The end of the world will be … Friday. Or Monday. It depends who you’re listening to, really.

            The uncertainty of the whole affair makes it a tad difficult to organise one’s life. Like whether to renew your driver’s licence for five years or one. Or not at all. Whether or not you should send for a year’s subscription to Chow Down, bearing in mind you might not be eating anything at all after Wednesday. And it certainly seems a waste of time to bother cleaning the windows, considering the glass is going to be whirling around the universe in a trillion pieces and nobody will know who neglected it or didn’t.

            Most importantly, in these uncertain times, you should think again about how worthwhile it would be to build a fallout shelter, emerging like a mole when it’s all over, blinking in the fluorescent red sunlight or whatever – ready to start again in a brave new world. Pass. There wouldn’t be any exciting people left to start it with anyway. Only boring farts who’d built fallout shelters and stockpiled tins of Stagg beans for the past 10 years. All you’d get from them would be a lot of pontificating and flatulence. The exciting people will be in little pieces. Whirling around with my dirty windowpanes, not giving a hoot.

            Besides, there won’t be any malls. Or the Sunday Magazine from the weekend paper. Or terrific telly shows where you can gleefully watch people stuff up other people’s beige homes with a can of purple paint and six metres of orange fur fabric. Not to mention cowprint terry toweling stapled to the wardrobe doors.
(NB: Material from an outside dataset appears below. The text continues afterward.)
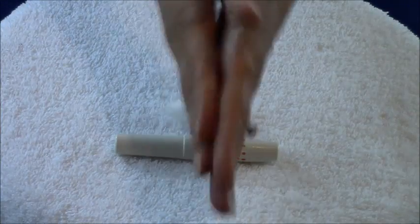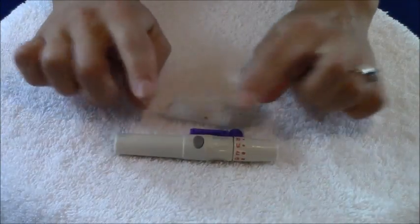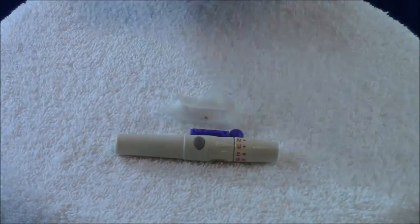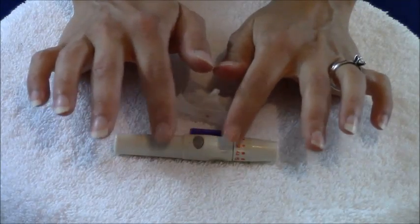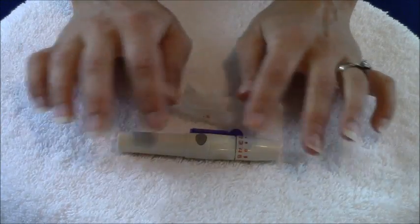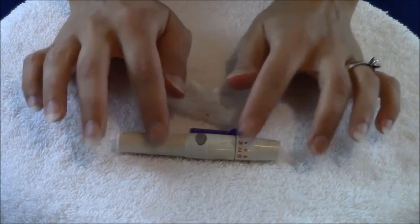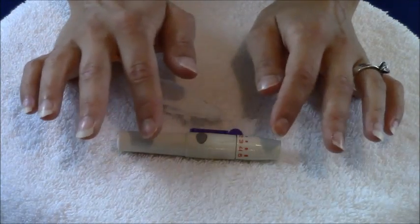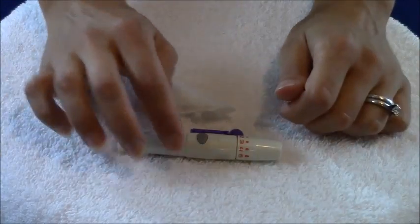The very first thing you want to do is wash your hands. Then get your lancet device primed and ready to go. In the hospital setting, lancet devices will typically already be primed for you, but if you've got your own testing kit you will need to prime your own lancet.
            There won’t even be anything to take the Mick out of anymore, seeing as the Flatulent Ones will be busy taking everything far too seriously. They’ll be setting up insurance offices, accountancy programs and working out new calendars and stuff.

            Cries of, ‘Hey – let’s go get a cappuccino!’ will be met with glares of derision and indifference. They’ll be urging you to sign up for the bean-planting committee and warning you about the hazards of standing out in the sun. Which is a bit of a curly one really, seeing as everyone’s glowing in the dark and emitting little beeping noises when they walk too close to rocks. There you’ll be, in a barren landscape, wondering what in hell compelled you to duck into a fallout shelter in the first place.
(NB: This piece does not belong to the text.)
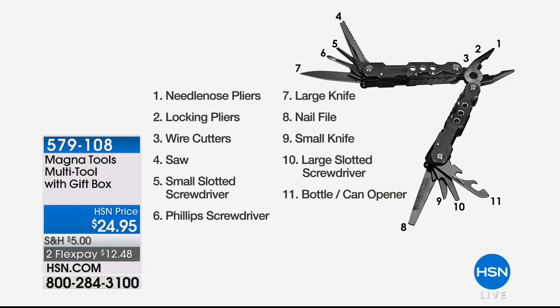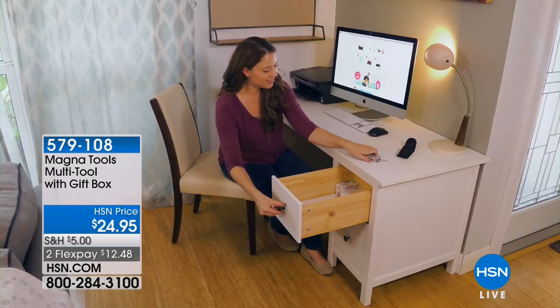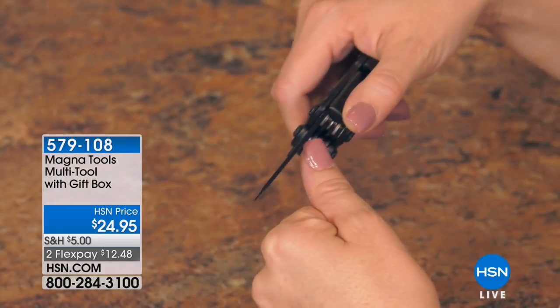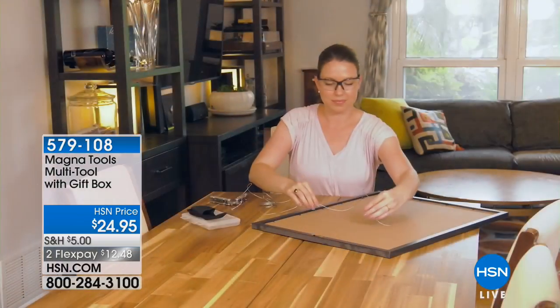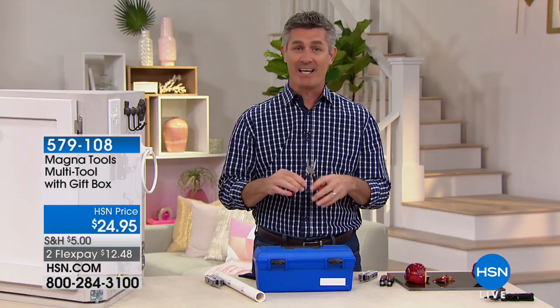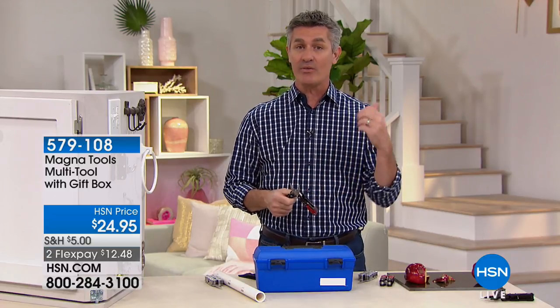11 different tools in one — amazing. There are the wire cutters. When you have zip ties that are almost impossible to cut through, you have that wire cutter. Needle-nose pliers, locking pliers, wire cutters, the saw, small slotted screwdriver, Phillips, and then the large of both Phillips and slotted. Perfect for home jobs. How about putting together furniture that comes flat-packed in a zillion pieces? This can help with all the different screwdrivers.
            The Flatulent Ones will not have chocolate manufacture high on the priority list. It’s going to be mung beans all the way, and a Day-Glo alfalfa crop. Nothing is going to be funny ever again. You can forget trying to organise a bus trip to an underwear emporium, or getting anyone to sing Ten Green Bottles with you as you solemnly dig bean furrows in the atomically-charged earth. You can forget getting your teeth into a Sara Lee danish. Life as you knew it is now somewhere out there in the ether – and by gum, you’re going to be wishing you were part of it. Many parts of it, as it happens.
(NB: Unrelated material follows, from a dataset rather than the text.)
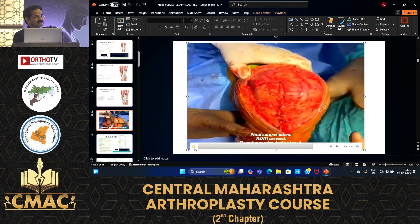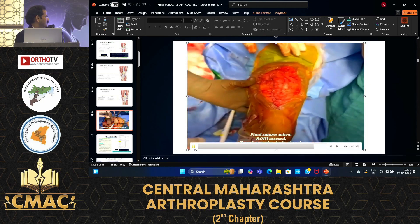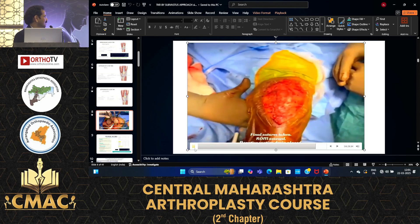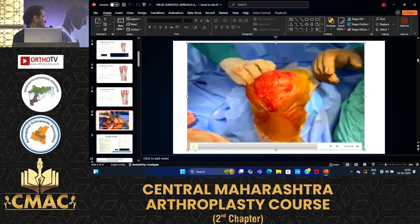The extensor mechanism is restored. Excellent — excellent live recorded demo.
            Because, gentle reader, the kind of people you might even vaguely have wished to be marooned with were the ones who howled with laughter at the word ‘armageddon’. They were the ones who said, ‘Armageddon outta here before it blows!’ and then sat around slapping their thighs and ordering cappuccinos to go.

            They mined uranium, ripped up the forests and munched on genetically modified beef. They destroyed the ozone layer with their refrigerators and motor cars, and let their waste products swim merrily in the water they drank. They thrived on noise and packaging, and visual stimulation. They lived for caffeine and making fun of vegetarians. But now they’re gone.

            You too, could have been part of the Gone Generation – but here you are, hanging out with the Flatulent Ones. Sitting in on a discussion as to whether it would make more sense to have 13 months instead of 12 this time around, and the possibility of cloning cows from the one existing packet of powdered milk. But not for eating purposes, natch.

            There’s nothing electronic, nothing exciting, nothing to look forward to and nothing dangerous. Unless you count that dark red sky and the hideous, ticking soil.